Start of AVAILABLE DATA

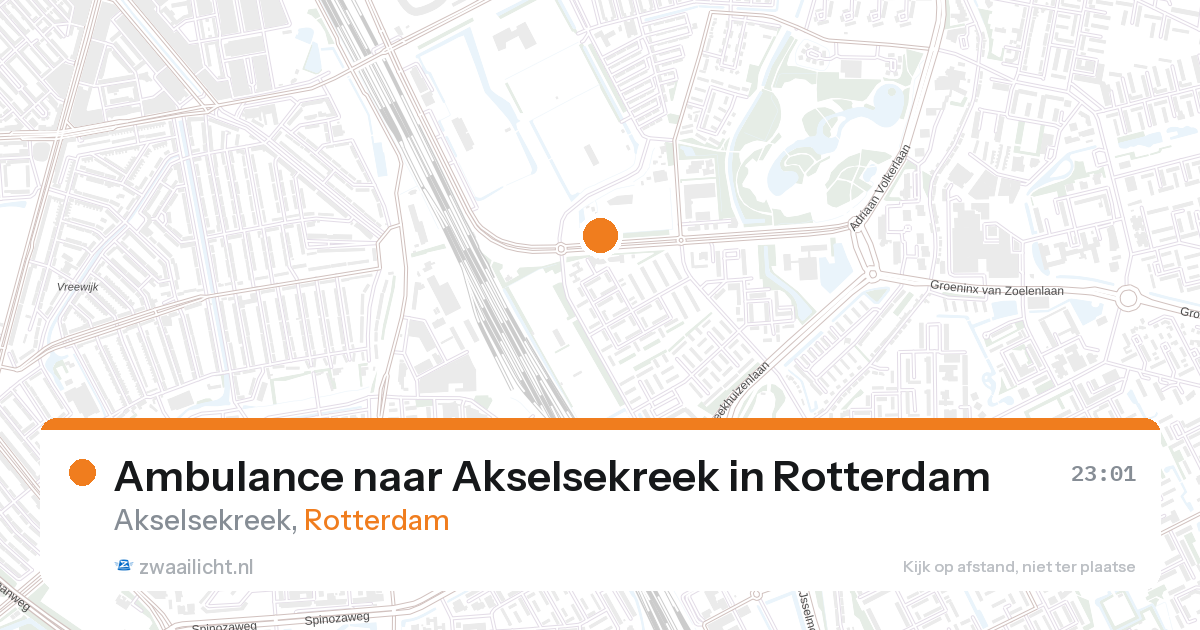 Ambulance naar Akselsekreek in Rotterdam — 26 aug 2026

End of AVAILABLE DATA
Start of AVAILABLE DATA

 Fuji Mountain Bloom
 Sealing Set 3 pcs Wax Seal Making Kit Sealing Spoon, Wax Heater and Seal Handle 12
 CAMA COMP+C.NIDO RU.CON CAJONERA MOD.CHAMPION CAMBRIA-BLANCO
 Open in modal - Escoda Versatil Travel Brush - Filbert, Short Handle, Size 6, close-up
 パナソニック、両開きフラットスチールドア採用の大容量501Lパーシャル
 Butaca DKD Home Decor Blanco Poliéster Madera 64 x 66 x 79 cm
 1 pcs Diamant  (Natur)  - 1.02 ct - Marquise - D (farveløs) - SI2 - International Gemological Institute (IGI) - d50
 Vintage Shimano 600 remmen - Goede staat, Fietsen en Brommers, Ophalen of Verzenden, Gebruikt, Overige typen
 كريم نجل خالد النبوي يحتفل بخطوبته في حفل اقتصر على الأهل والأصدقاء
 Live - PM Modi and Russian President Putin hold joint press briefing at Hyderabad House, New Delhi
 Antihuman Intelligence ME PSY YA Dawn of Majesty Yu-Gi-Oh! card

End of AVAILABLE DATA

[EXERCISE DIRECTIONS]:
Quote the data above from the line containing "كريم نجل خالد" to the line containing "Antihuman Intelligence ME", inclusive, and stop.

[YOUR SOLUTION]:
 كريم نجل خالد النبوي يحتفل بخطوبته في حفل اقتصر على الأهل والأصدقاء
 Live - PM Modi and Russian President Putin hold joint press briefing at Hyderabad House, New Delhi
 Antihuman Intelligence ME PSY YA Dawn of Majesty Yu-Gi-Oh! card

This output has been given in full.